---------- DATA EXTRACT ----------

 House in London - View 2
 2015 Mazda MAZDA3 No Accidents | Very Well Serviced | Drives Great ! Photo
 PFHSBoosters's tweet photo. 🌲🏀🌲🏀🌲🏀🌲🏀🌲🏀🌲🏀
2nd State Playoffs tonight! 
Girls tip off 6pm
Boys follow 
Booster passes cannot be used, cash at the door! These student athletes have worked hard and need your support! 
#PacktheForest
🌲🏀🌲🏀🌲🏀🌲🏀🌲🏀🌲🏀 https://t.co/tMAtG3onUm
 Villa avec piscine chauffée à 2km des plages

----------
---------- DATA EXTRACT ----------

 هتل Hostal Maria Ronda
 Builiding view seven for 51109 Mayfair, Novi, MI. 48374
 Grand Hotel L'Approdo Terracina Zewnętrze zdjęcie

----------
---------- DATA EXTRACT ----------

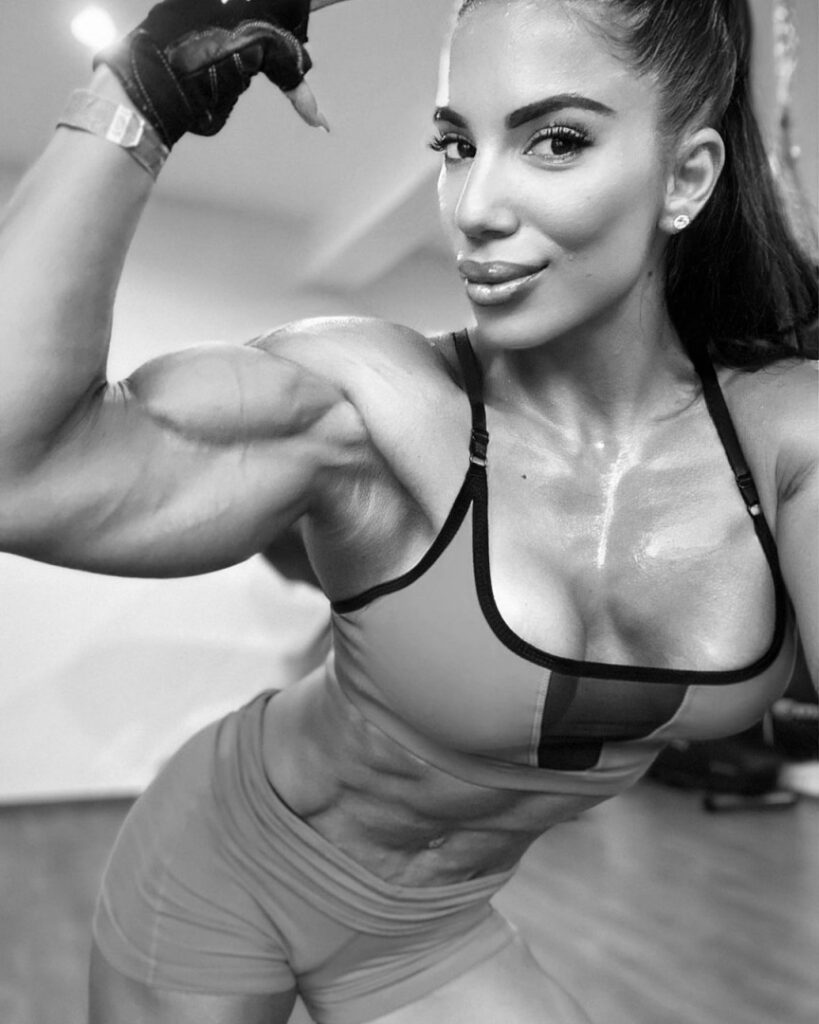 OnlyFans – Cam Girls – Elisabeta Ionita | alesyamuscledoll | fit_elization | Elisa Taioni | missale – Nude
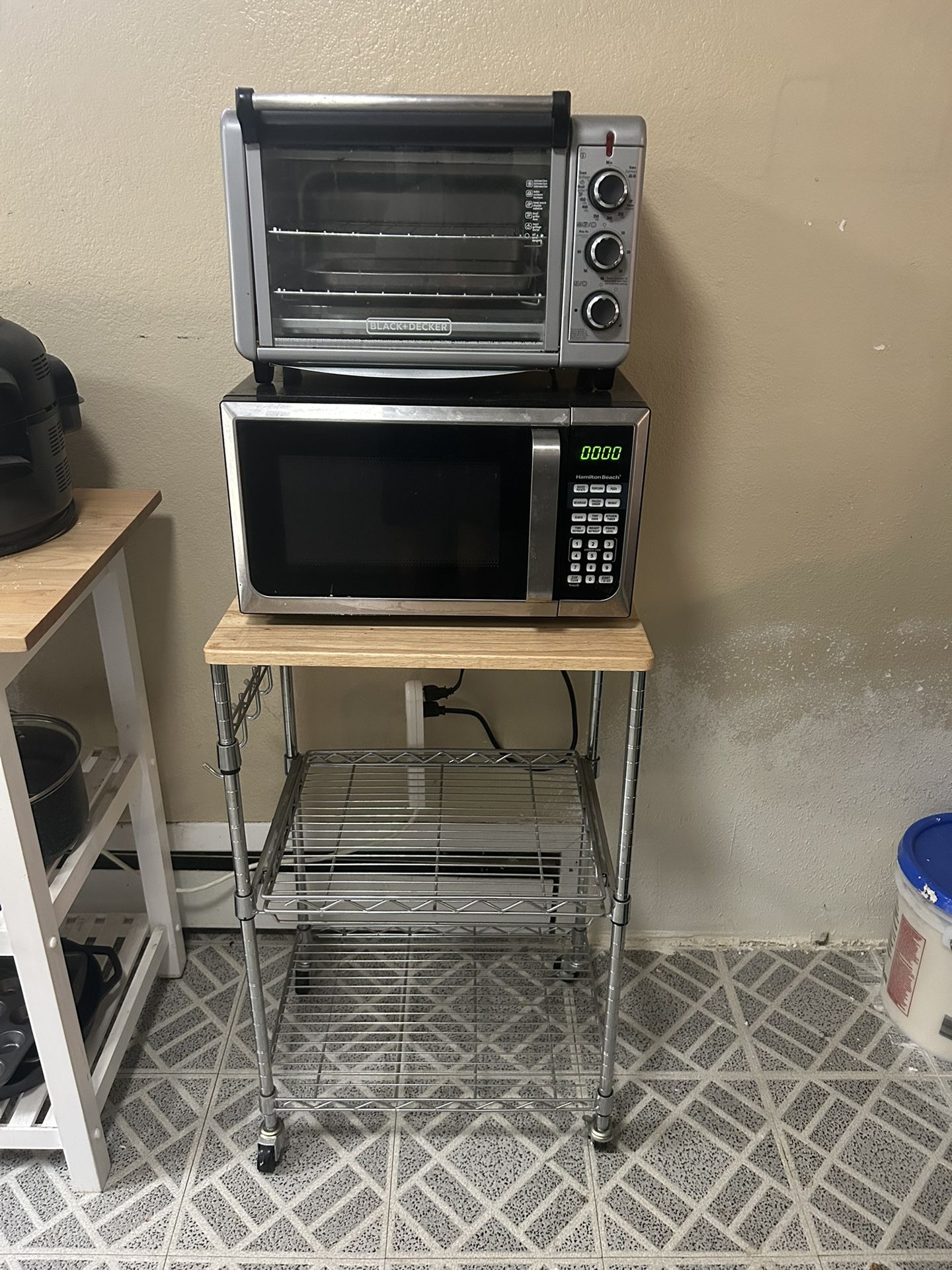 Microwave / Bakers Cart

----------

■ WORK TO BE COMPLETED
Of the entries listed above, reproduce only the lines starting at the line containing "Girls tip off 6pm" and ending at the line containing "Villa avec piscine chauffée à 2km des plages". Include both, exactly as they stand.

■ RESPONSE BELOW
Girls tip off 6pm
Boys follow 
Booster passes cannot be used, cash at the door! These student athletes have worked hard and need your support! 
#PacktheForest
🌲🏀🌲🏀🌲🏀🌲🏀🌲🏀🌲🏀 https://t.co/tMAtG3onUm
 Villa avec piscine chauffée à 2km des plages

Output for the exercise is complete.